I love this presentation's forum et the news avatars ! Who's make it ?
So talentueux !

Thanks to read me and you can laugth in same time (my english is really ugly).

Je vous souhaite une bonne journée/ have  a good day !!!!

ViVaMac


----------



## Janice (Sep 24, 2005)

Greetings VivaMAc! Your english is pretty darn good, I know we have  several french speaking members, hopefully you will get to meet them soon. 
	

	
	
		
		

		
		
	


	




Leppy made the new avatar images. 
	

	
	
		
		

		
		
	


	




 Yes, she is very talented we are happy to have her here with us. 
	

	
	
		
		

		
		
	


	




See you around the forum.


----------



## Juneplum (Sep 24, 2005)

bienvenue vivamac! that's about as far as my french goes!!! nice to have u here!!


----------



## mac_obsession (Sep 24, 2005)

Welcome to Specktra Vivamac!! Your english is good!!! You will get better here as well, since we have many different languages spoken and understood here


----------



## Hikaru-chan (Sep 24, 2005)

Welcome to Specktra.


----------



## pumpkincat210 (Sep 24, 2005)

Welcome to this super helpful site!


----------



## scissor_sister (Sep 24, 2005)

Bonjour et bienvenue!
tu sembles bien te débrouiller en anglais, j' ai de la difficulté moi même, t' inquiètes pas.


----------



## singinmys0ng (Sep 24, 2005)

welcome to specktra!!


----------



## ViVaMac (Sep 25, 2005)

*Thanks/ Merci !*

Thanks guys ! 
You're really adorables  
	

	
	
		
		

		
		
	


	




  (translate by  "cute" i think).
I feel good in here and i really enjoy to read you.
Scissor Sisters : merci aussi  
	

	
	
		
		

		
		
	


	




 and the other too of course !

Makeup you soon.

Bises/kisses 

ViVaMAc


----------



## PrettyKitty (Sep 28, 2005)

Salut VivaMac! Je parle francais à tout les jours, seulement anglais quand je suis sur Specktra. 

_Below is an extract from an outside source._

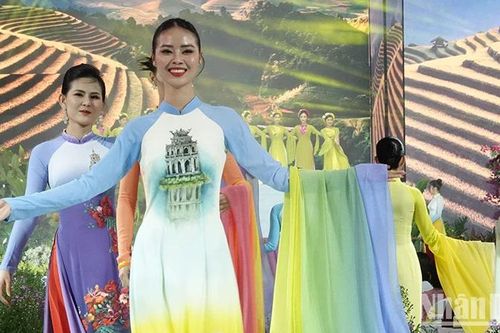 Lễ hội Áo dài Thành phố Hồ Chí Minh 2024 đánh dấu 10 năm phát triển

Si tu as besoin d'aide, fais-moi signe! Je pourrai traduire certaines phrases pour toi!

Bienvenue sur Specktra!


----------



## user2 (Oct 1, 2005)

Hi ViVaMac and welcome to Specktra!






I'm sure you'll have as much fun here as we have every day!


----------



## user3 (Oct 6, 2005)

Bonjour! Welcome to specktra! Happy to have you here!


----------



## ViVaMac (Apr 24, 2006)

Merci beaucoup ^^
bisous


Thanks you ^^
kisses


----------



## poppy z (Apr 24, 2006)

Salut! Je suis française aussi et mac addict avant tout!
Bienvenue sur Specktra. C'est un site super et les gens y sont très sympas. Alors amuse toi bien et à bientôt sur le forum.


----------



## mspixieears (Apr 24, 2006)

Salut et bienvenue sur Specktra (je suis retard, je sais!)!


----------



## Wattage (Apr 24, 2006)

Bonjour!! We are glad to have you here!


----------



## tinagrzela (Apr 24, 2006)

Bonjour ma belle!

Tu vas totalement aimer ce forum. Les filles ici sont super gentilles! Je parle français tous les jours, et même que j'enseigne en français, donc ne t'en fais pas. Puis, j'ai remarqué que quelques autres filles parlent français aussi.

Bienvenue, et j'espère que tu vas aimer faire partie de notre groupe de belles femmes!


----------



## midnightlouise (Apr 25, 2006)

I know very little French, but I am happy to welcome you in English ha-ha!  I hope you have a great time here!


----------



## Dawn (Apr 25, 2006)

Well, I didn't get to welcome you when you joined, so I will now!!







Welcome to Specktra!


----------